What you will do. Transcribe the records below word for word, leaving every picture out.

Provided records.

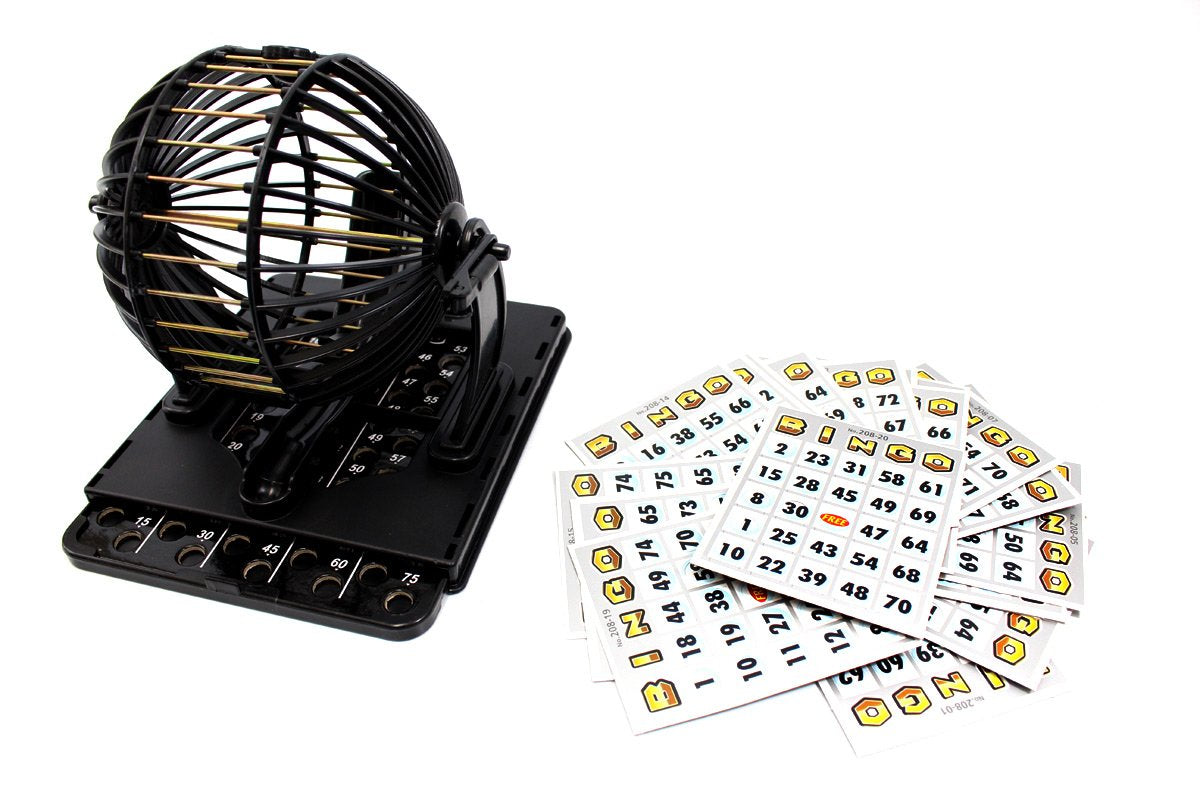PowerTRC Bingo balls are clear for quick, readable draws.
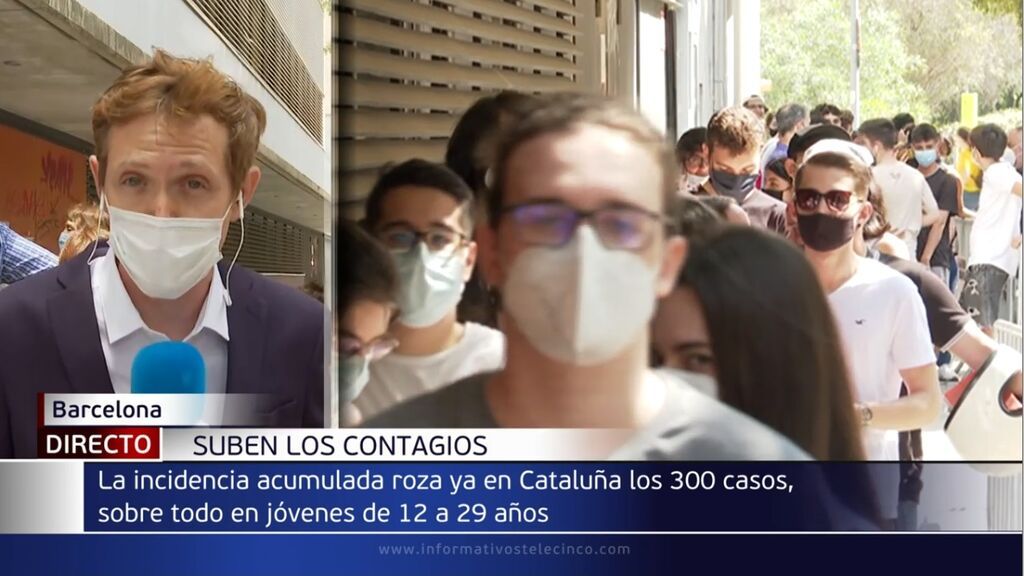 La atención primaria en Cataluña alerta de "saturación" ante el aumento de contagios
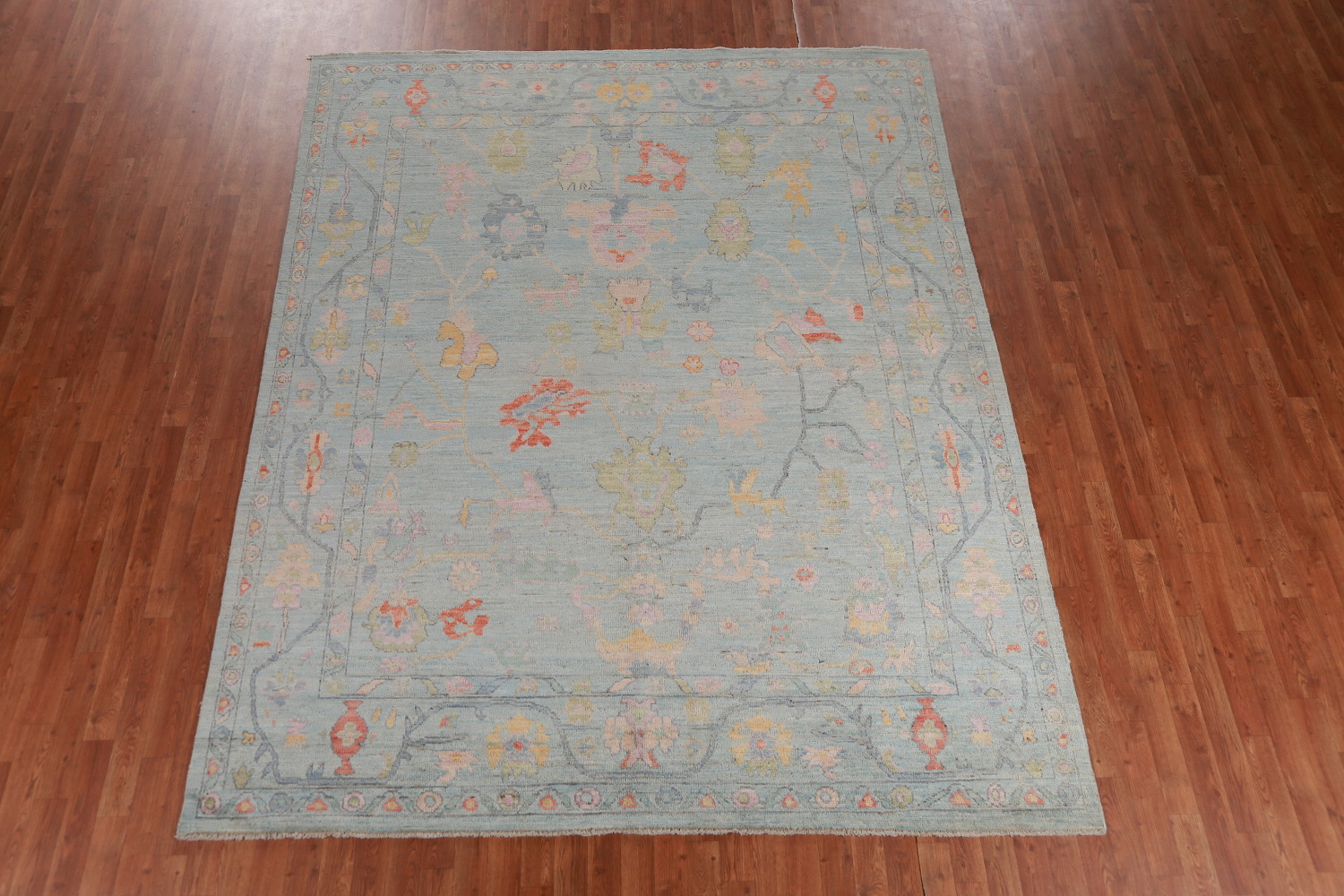 Vegetable Dye Oushak Turkish Area Rug 8x10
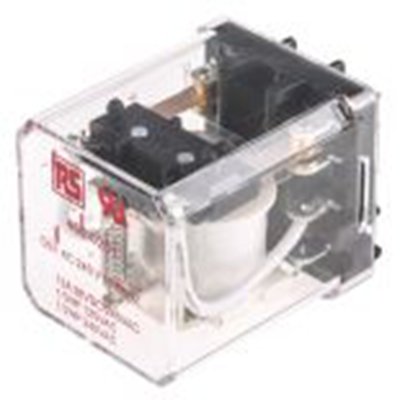 RS PRO,450-0201,功率继电器, 240V 交流线圈 12A切换, 双刀双掷, PCB安装, 银合金触点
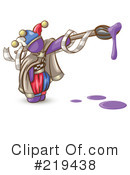 Jester Clipart #219438 by Leo Blanchette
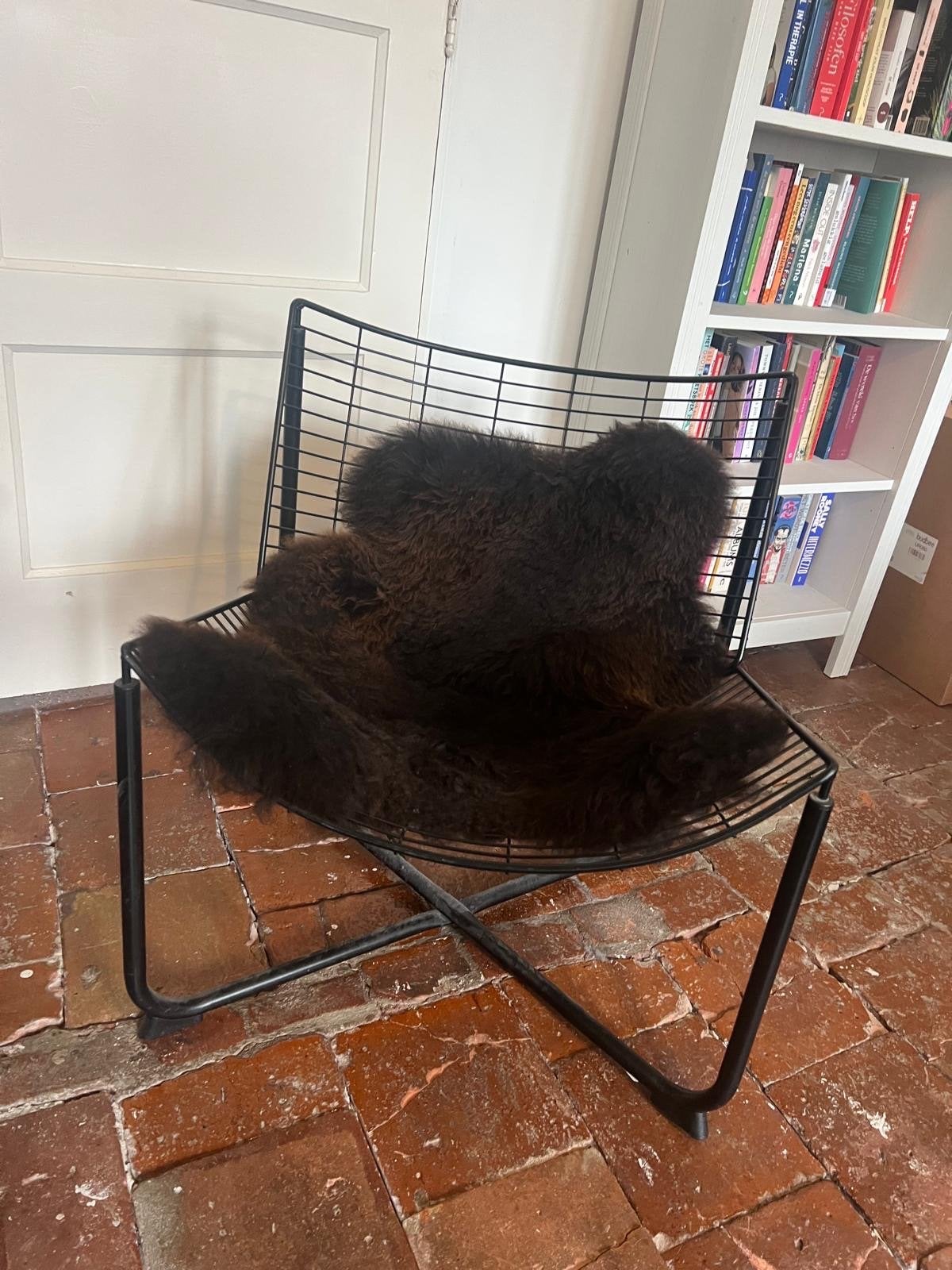Niels Gammelgaard IKEA Jarpen draadstoel design, Ophalen, Gebruikt, Zwart, Metaal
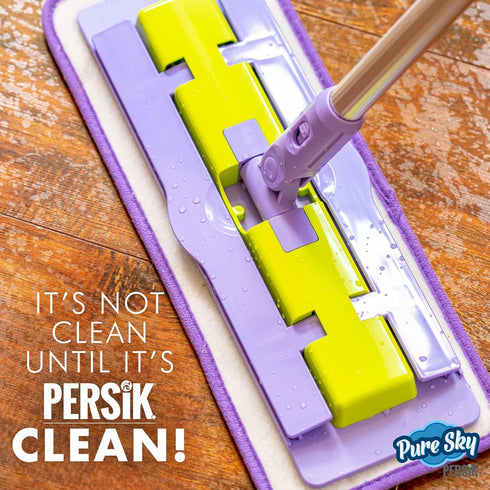 Pure-Sky Microfiber Mop Head Replacement, Deep Clean Mop Pad Refill for House Floors, No Detergents Needed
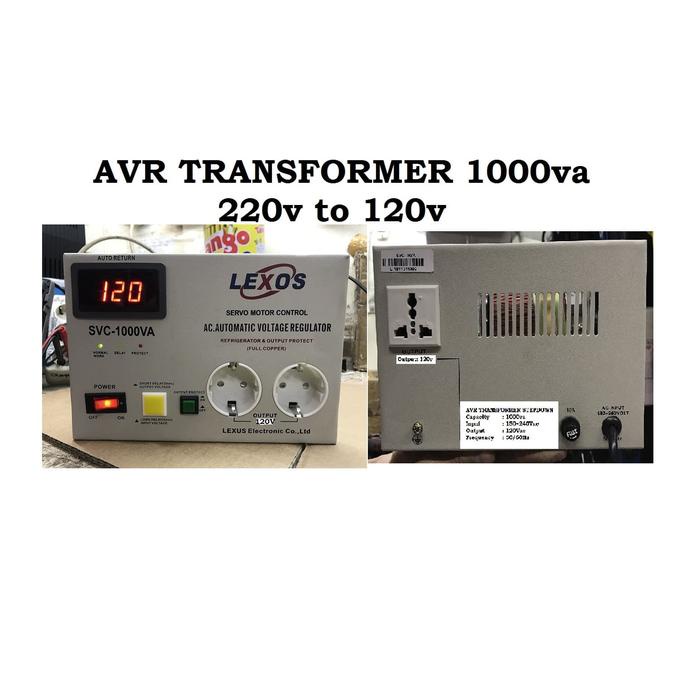 Ready Stabilizer Step down digital 1000 220v ke 120v 220v ke 110v ke 100v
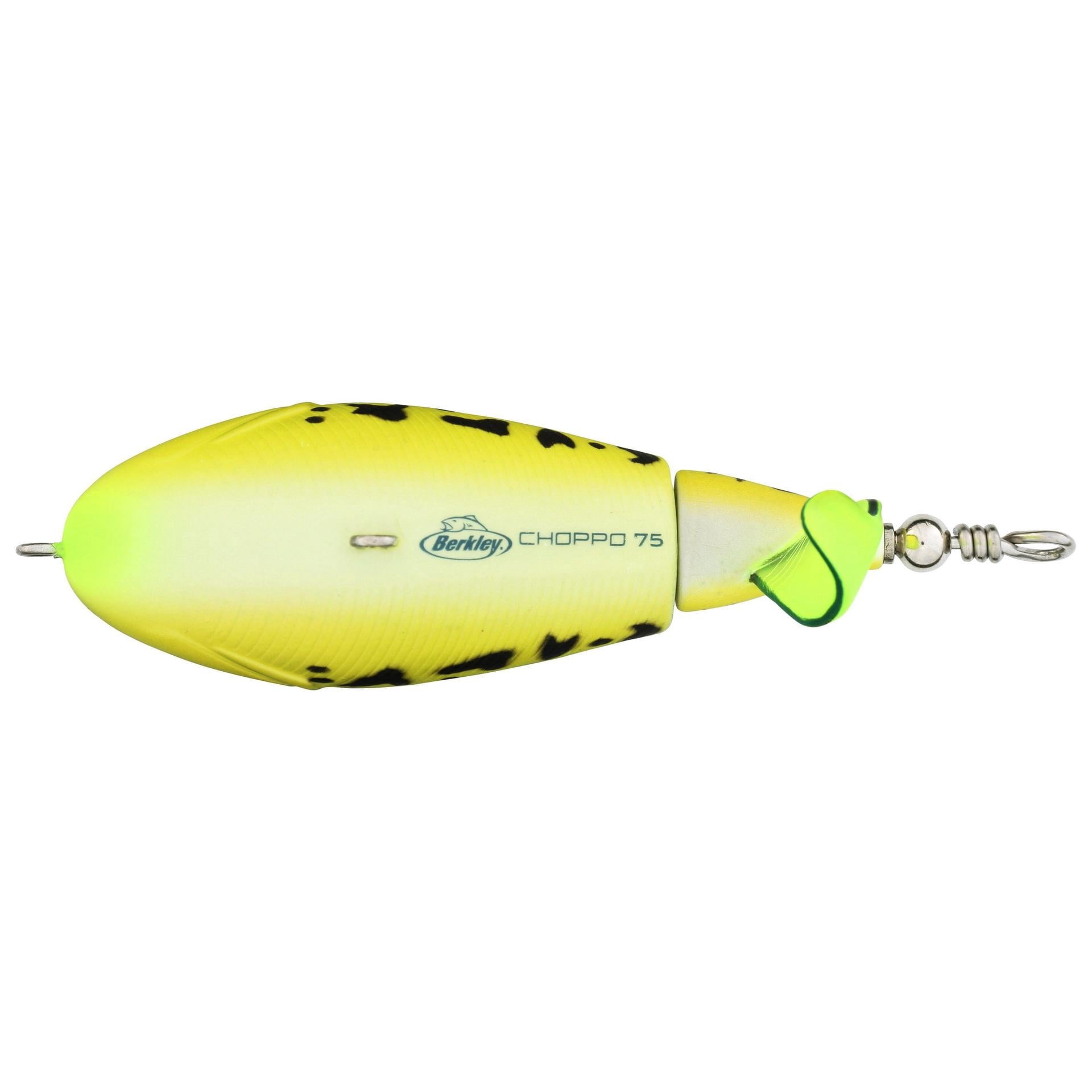 (2 pack) Berkley Choppo Topwater Fishing Lure, MF Frog, Size 120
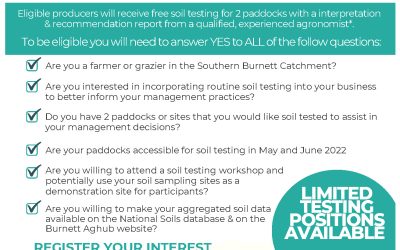 Expression of Interest – Free Soil Testing – South Burnett Producers
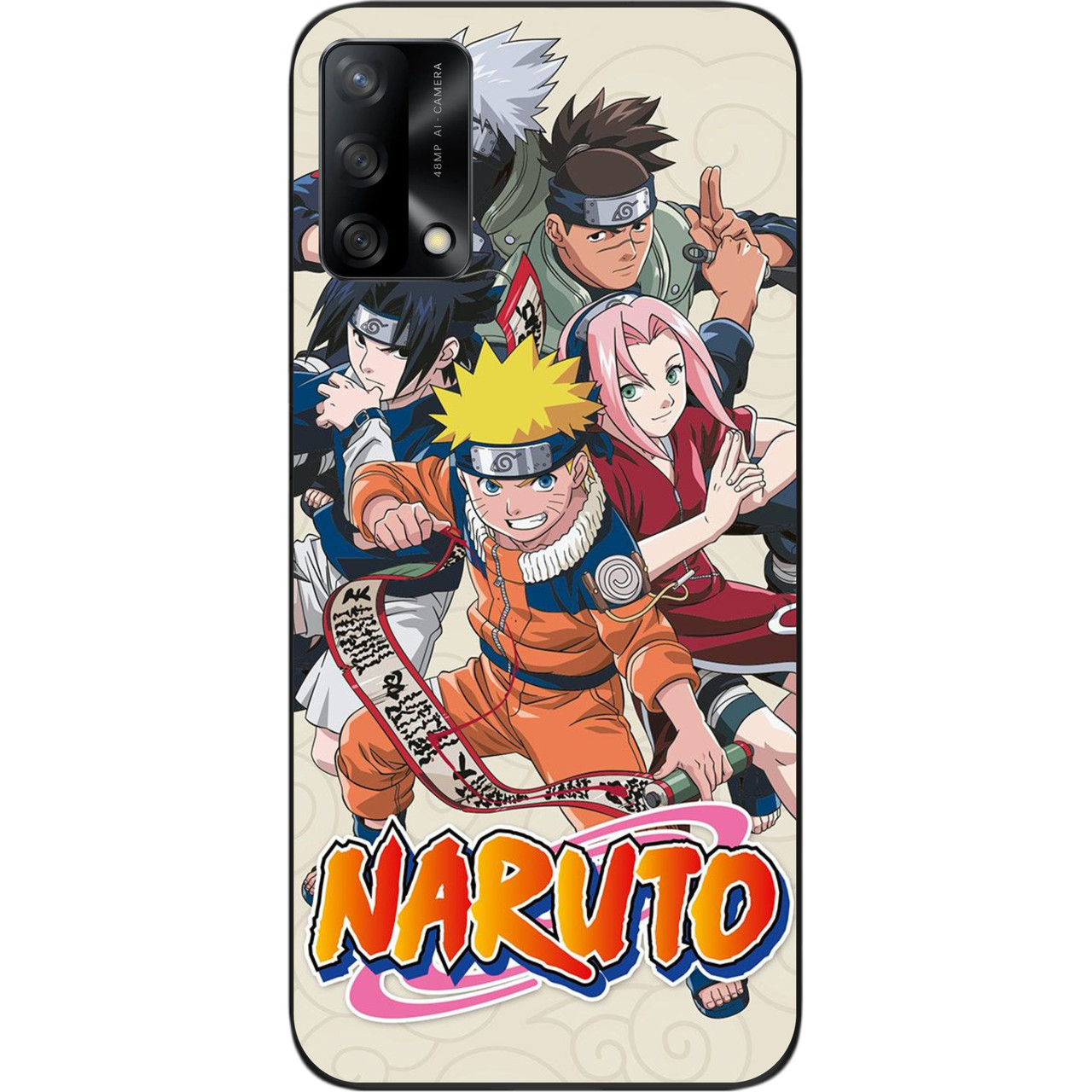 Силіконовий чохол для OPPO A74 з картинкою Аніме Наруто, фото 1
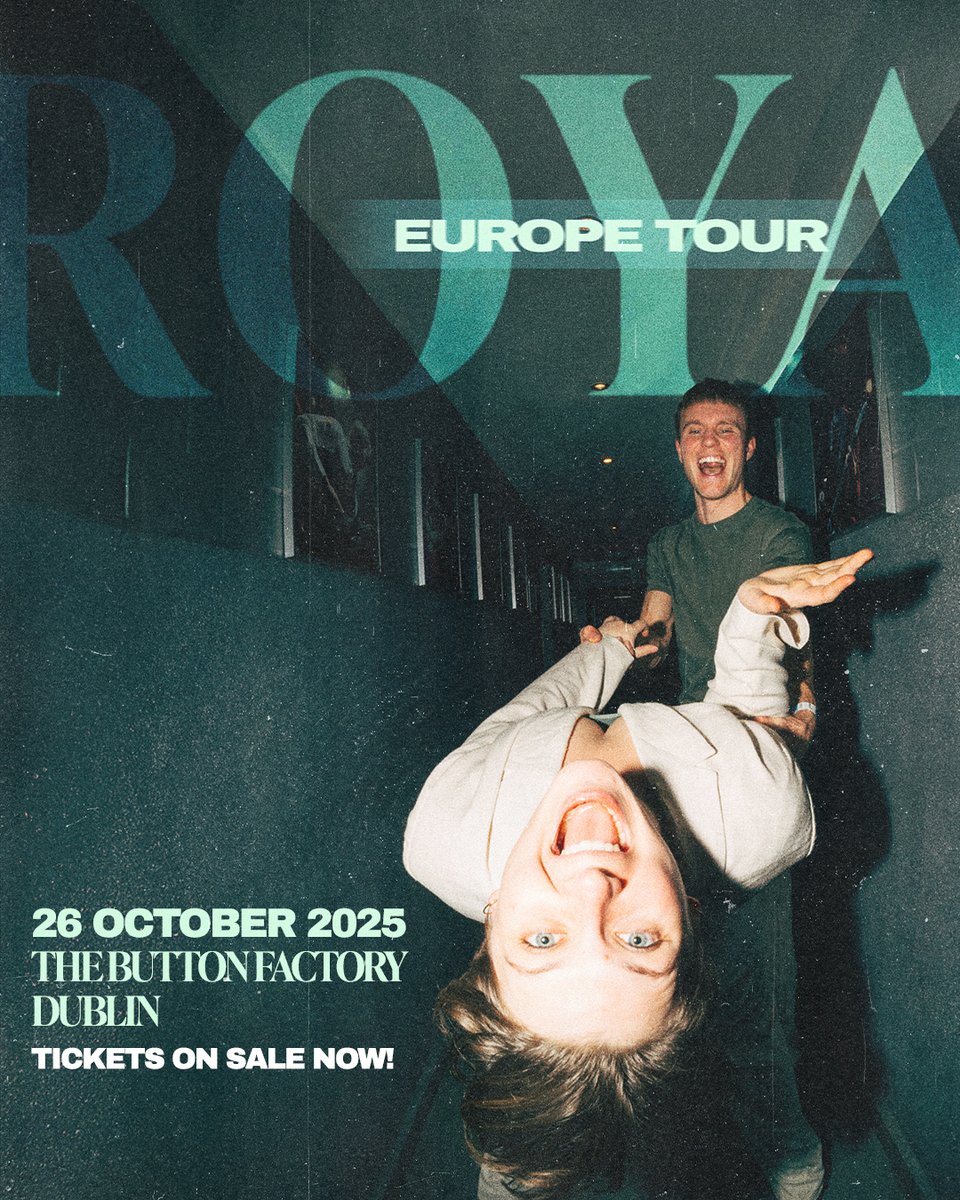 Aiken Promotions (@aikenpromotions) on Twitter photo โ
โ
๐ข๐ก ๐ฆ๐๐๐ ๐ก๐ข๐ช โ
โ
Dublin, get ready! Electro-pop duo ROYA bring their dreamy beats to <a href="/ButtonFactory22/">Button Factory</a> this October ๐ฅ
๐ซ Grab your tickets now ~ bit.ly/4kQ4pCp โ
โ
๐ข๐ก ๐ฆ๐๐๐ ๐ก๐ข๐ช โ
โ
Dublin, get ready! Electro-pop duo ROYA bring their dreamy beats to <a href="/ButtonFactory22/">Button Factory</a> this October ๐ฅ
๐ซ Grab your tickets now ~ bit.ly/4kQ4pCp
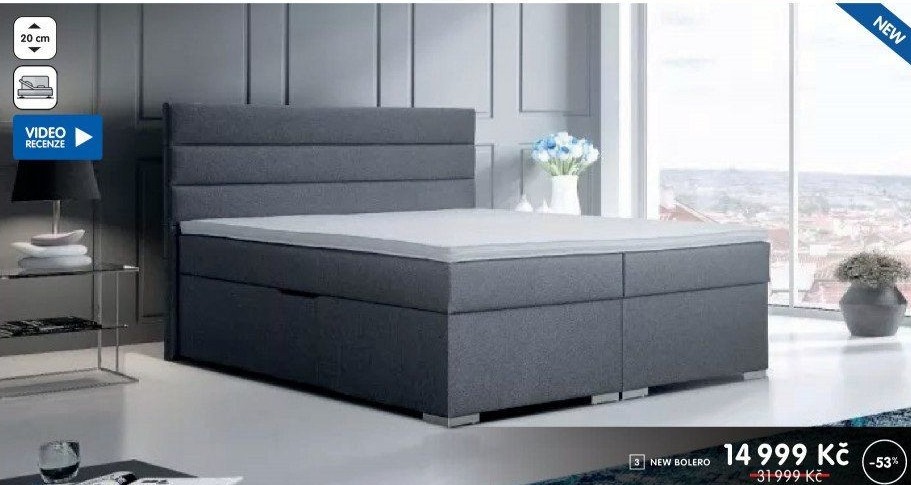 Postel Boxspring New Bolero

Written reply.
PowerTRC Bingo balls are clear for quick, readable draws.
 La atención primaria en Cataluña alerta de "saturación" ante el aumento de contagios
 Vegetable Dye Oushak Turkish Area Rug 8x10
 RS PRO,450-0201,功率继电器, 240V 交流线圈 12A切换, 双刀双掷, PCB安装, 银合金触点
 Jester Clipart #219438 by Leo Blanchette
Niels Gammelgaard IKEA Jarpen draadstoel design, Ophalen, Gebruikt, Zwart, Metaal
 Pure-Sky Microfiber Mop Head Replacement, Deep Clean Mop Pad Refill for House Floors, No Detergents Needed
 Ready Stabilizer Step down digital 1000 220v ke 120v 220v ke 110v ke 100v
 (2 pack) Berkley Choppo Topwater Fishing Lure, MF Frog, Size 120
 Expression of Interest – Free Soil Testing – South Burnett Producers
 Силіконовий чохол для OPPO A74 з картинкою Аніме Наруто, фото 1
 Aiken Promotions (@aikenpromotions) on Twitter photo โ
โ
๐ข๐ก ๐ฆ๐๐๐ ๐ก๐ข๐ช โ
โ
Dublin, get ready! Electro-pop duo ROYA bring their dreamy beats to <a href="/ButtonFactory22/">Button Factory</a> this October ๐ฅ
๐ซ Grab your tickets now ~ bit.ly/4kQ4pCp โ
โ
๐ข๐ก ๐ฆ๐๐๐ ๐ก๐ข๐ช โ
โ
Dublin, get ready! Electro-pop duo ROYA bring their dreamy beats to <a href="/ButtonFactory22/">Button Factory</a> this October ๐ฅ
๐ซ Grab your tickets now ~ bit.ly/4kQ4pCp
 Postel Boxspring New Bolero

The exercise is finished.